12th Minister of Water and Irrigation
- Incumbent
- Assumed office 5 December 2020
- President: John Magufuli
- Preceded by: Makame Mbarawa

Deputy Minister for Water and Irrigation.
- In office October 2015 – May 2020
- President: John Magufuli
- Minister: Makame Mbarawa

Member of Parliament
- Incumbent
- Assumed office November 2015
- Constituency: Pangani, Tanga

Personal details
- Born: 22 March 1985 (age 41) Pangani District, Tanga Region, Tanzania
- Party: CCM
- Spouse: Zainab Abdallah
- Children: 2
- Education: Dar es Salaam University (BSc) Open University of Tanzania (MA)

= Jumaa Aweso =

Tanzanian politician

Jumaa Aweso (born 22 March 1985) is a Tanzanian politician and a member of the ruling party Chama Cha Mapinduzi (CCM) from 2012. He has been a Member of Parliament representing the Pangani Constituency in Tanga Region since 2015. He is the current Minister for Water and Irrigation.

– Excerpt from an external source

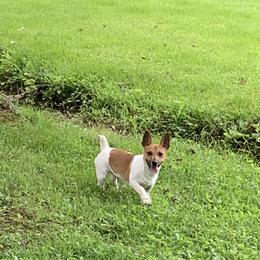 Boy 3 - Sable and white Teddy Roosevelt Terrier puppy in Robards, Kentucky from Dream Tree Kennel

==Background and education==
The education history of Jumaa Hamidu Aweso, Starts from in 1994 to 2000 as awarded a CPEE at Mwambao Secondary, CSEE at Bagamoyo Secondary School, ACSEE at Pugu Secondary School and lastly at the Dar es Salaam University in 2013 where was awarded in bachelor's degree in Chemistry BSC.

==Political career==
Jumaa Hamidu Aweso involved in politics of the Country few years after his schooling and three years later being appointed to be among of candidates of members of parliaments through his constituency for the general election of 2015 and to won the seat. As a member of Chama Cha Mapinduzi was elected to several positions like, member of Regional Executive Council UVCCM, District Youth League Commander, Member of District Council, Member of Regional Council, Member of National Executive committee of the ruling party of Chama cha Mapinduzi under the chairmanship of his H.E. President John Pombe Magufuli and the head of state.

In Magufuli's first cabinet we was appointed the Deputy Ministry of Water and Irrigation under the minister Makame Mbarawa. and the current deputy Minister in the Government of Tanzania in 2017. However, in 2020 in Magufuli's second cabinet he was promoted as the Ministry of Water and Irrigation.